DATA SECTION:
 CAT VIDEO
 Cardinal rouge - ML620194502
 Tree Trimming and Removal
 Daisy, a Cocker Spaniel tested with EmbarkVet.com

WORK INSTRUCTIONS:
The full listing should be reproduced exactly.

EXPECTED OUTPUT:
 CAT VIDEO
 Cardinal rouge - ML620194502
 Tree Trimming and Removal
 Daisy, a Cocker Spaniel tested with EmbarkVet.com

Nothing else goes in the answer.